In this clarity, I began processing some of the jazz improve theory that my sax teacher had been teaching me, specifically regarding works by John Coltrane. My feet tapped along the trail and my lungs bellowed the humid ocean-air while my mind thought about scales, intervals, harmonics, chords, and all of the underlying structure of jazz. My sax teacher tells me that if I want to find those notes coming out of my horn, I have to not only feel them in my soul, but I also gotta know what is possible to feel and that takes a little head work. With all this mental clarity some fairly complex music theory simply started to make sense to me. Deeper musical ideas began to percolate to my mental surface causing new lights to go on. I was figuring it out and it was happening without any teacher or even the reference of my sax or even music paper. I realized that somehow, a lot of this understanding was already in there.
Amazed at these musical revelations, an immense thought dawned upon me: even if it's waaaay down there, there is a John Coltrane in me somewhere. The perfect run connected me to Source, even just a little bit, and that led me to somehow understand Coltrane a little better. If I truly understood the connection of all things, if I were truly tapped into Source like the Gayatri Mantra suggests, I'd be able to access that same power, soul, and knowledge that John Coltrane did. Me! John Coltrane!

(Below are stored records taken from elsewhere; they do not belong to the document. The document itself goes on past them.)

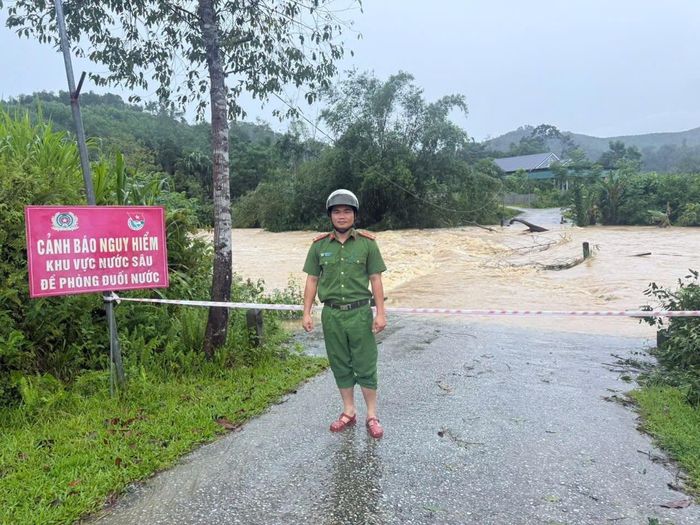 Văn phòng Thường trực Chỉ huy PCTT tỉnh cùng các sở, ngành, địa phương đã kích hoạt chế độ trực ban nghiêm túc 24/24 giờ.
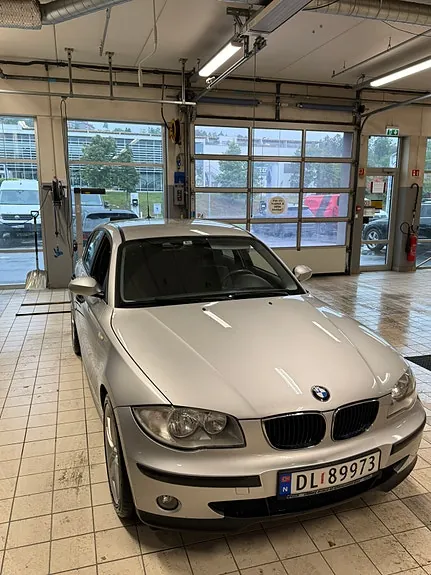 BMW 118D 2005 photo 2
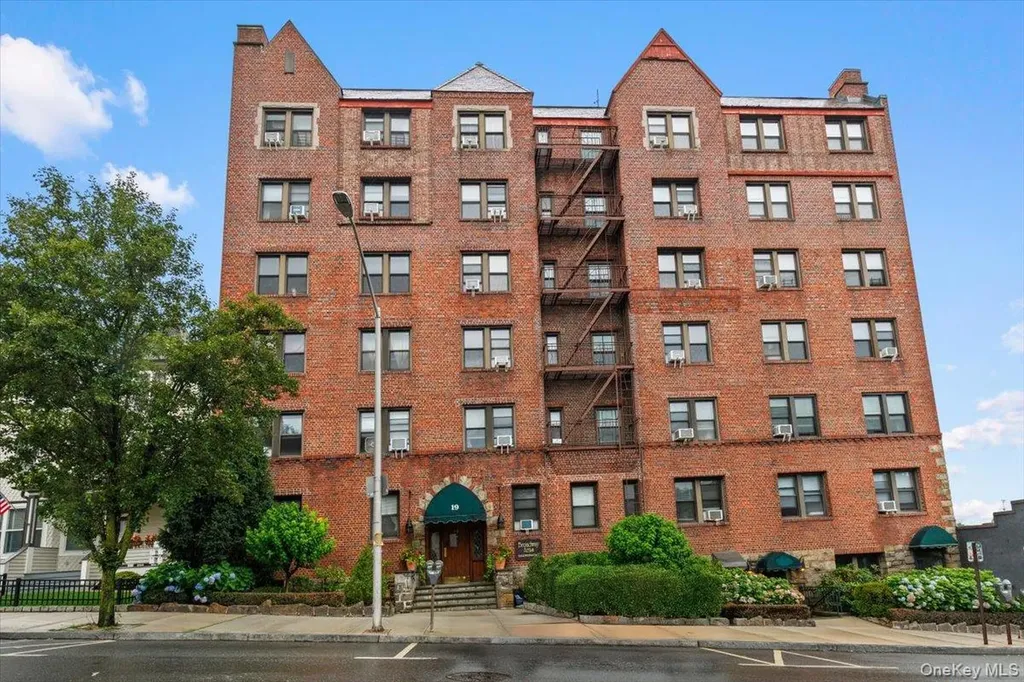 19 S Broadway Tarrytown NY 10591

Coltrane was connected to Source. He demonstrates this plainly in his most spiritual work, some say the most spiritual of all of jazz, his album called A Love Supreme. In it he makes circles both in the arc of the sound in music as well as in its form; this chord and this phrase makes a logical, mathematical, and aurally pleasing transition to the next, and the next until the formula causes it to arrive back to where it started. Just as you might hear Brahman priests chanting the Gayatri Mantra from the Rigveda, in this recording you hear these priests of jazz chant, "A Love Supreme" repeatedly in the background evoking Source. You see, in certain disciplines initiates get a new name. In yoga your name might become Yogananda, or Ram Das, for jazz it might be Trane or Bird. I believe that in the métier of transcendent jazz (read: heaven), God was given the nickname, A Love Supreme. Fitting. I think God uses it as a Facebook handle, or something. In part, Coltrane's message was that everything is inscribed within A Love Supreme. A Love Supreme is The Effulgent Source mentioned in the Gayatri Mantra and to fully comprehend this Source means to understand everything, including peace, including jazz, including yourself. This is enlightenment and whether your path there incorporated practicing either poses or jazz theory or anything else, you still end up at the same place.
Alice Coltrane, J.C.'s wife at the time, said that one day Trane locked himself in the attic and didn't come down for three days. He spent the entire time meditating (understand that Coltrane meditated with his horn in his mouth) and when he came down, I imagine that it was like Moses coming down from the mountain after talking to God, he looked at his wife and said, "I've got it!" A few days later he was in the studio with a few hand-picked musicians to record A Love Supreme, one of the greatest pieces of music ever conceived. We are still chanting the Gayatri Mantra 12 thousand years later. I hope people are chanting A Love Supreme, or at lease spinning the record, 12 thousand years from now.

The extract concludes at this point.